This should produce output like:

Output directory: /Users/nmadnani/work/rsmtool/examples/rsmsummarize
Starting report generation
Merging sections
Exporting HTML
Executing notebook with kernel: python3

Once the run finishes, you will see a new folder report containing an HTML file named model_comparison_report.html. This is the final rsmsummarize summary report.

Examine the report

Our experiment report contains the overview of main aspects of model performance. It includes:

  1. Brief description of all experiments.

  2. Information about model parameters and model fit for all rsmtool experiments.

  3. Model performance for all experiments.

Note

Some of the information such as model fit and model parameters are only available for rsmtool experiments.

Input

rsmsummarize requires a single argument to run an experiment: the path to a configuration file. You can specify which models you want to compare and the name of the report by supplying the path to a configuration file. It can also take an output directory as an optional second argument. If the latter is not specified, rsmsummarize will use the current directory as the output directory.

Here are all the arguments to the rsmsummarize command-line script.

config_file

The JSON configuration file for this experiment.

output_dir (optional)

The output directory where the report and intermediate .csv files for this comparison will be stored.

-f, --force

If specified, the contents of the output directory will be overwritten even if it already contains the output of another rsmsummarize experiment.

-h, --help

Show help message and exist.

-V, --version

Show version number and exit.

Experiment configuration file

This is a file in .json format that provides overall configuration options for an rsmsummarize experiment. Here’s an example configuration file for rsmsummarize.

Note

To make it easy to get started with rsmsummarize, we provide a way to automatically generate configurations file both interactively as well as non-interactively. Novice users will find interactive generation more helpful while more advanced users will prefer non-interactive generation. See this page for more details.

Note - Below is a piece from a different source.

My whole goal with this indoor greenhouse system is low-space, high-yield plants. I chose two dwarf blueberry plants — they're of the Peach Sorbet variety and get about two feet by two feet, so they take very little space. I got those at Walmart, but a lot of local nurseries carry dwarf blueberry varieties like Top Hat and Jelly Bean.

Next, we describe all of the rsmsummarize configuration fields in detail. There are two required fields and the rest are all optional. We first describe the required fields and then the optional ones (sorted alphabetically).

summary_id

An identifier for the rsmsummarize experiment. This will be used to name the report. It can be any combination of alphanumeric values, must not contain spaces, and must not be any longer than 200 characters.

experiment_dirs

The list of the directories with the results of the experiment. These directories should be the output directories used for each experiment and should contain subdirectories output and figure generated by rsmtool or rsmeval.

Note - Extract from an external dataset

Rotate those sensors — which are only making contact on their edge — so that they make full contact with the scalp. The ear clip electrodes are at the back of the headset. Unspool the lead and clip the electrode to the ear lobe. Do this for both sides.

custom_sections (Optional)

A list of custom, user-defined sections to be included into the final report. These are IPython notebooks (.ipynb files) created by the user. The list must contains paths to the notebook files, either absolute or relative to the configuration file. All custom notebooks have access to some pre-defined variables.

description (Optional)

A brief description of the summary. The description can contain spaces and punctuation.

experiment_names (Optional)

The list of experiment names to use in the summary report and intermediate files. The names should be listed in the same order as the experiments in experiment_dirs. When this field is not specified, the report will show the original experiment_id for each experiment.

file_format (Optional)

The format of the intermediate files generated by rsmsummarize. Options are csv, tsv, or xlsx. Defaults to csv if this is not specified.

Note

In the rsmsummarize context, the file_format parameter refers to the format of the intermediate files generated by rsmsummarize, not the intermediate files generated by the original experiment(s) being summarized. The format of these files does not have to match the format of the files generated by the original experiment(s).

general_sections (Optional)

RSMTool provides pre-defined sections for rsmsummarize (listed below) and, by default, all of them are included in the report. However, you can choose a subset of these pre-defined sections by specifying a list as the value for this field.

  • preprocessed_features : compares marginal and partial correlations between all features and the human score, and optionally response length if this was computed for any of the models.

  • model: Compares the parameters of the two regression models. For linear models, it also includes the standardized and relative coefficients.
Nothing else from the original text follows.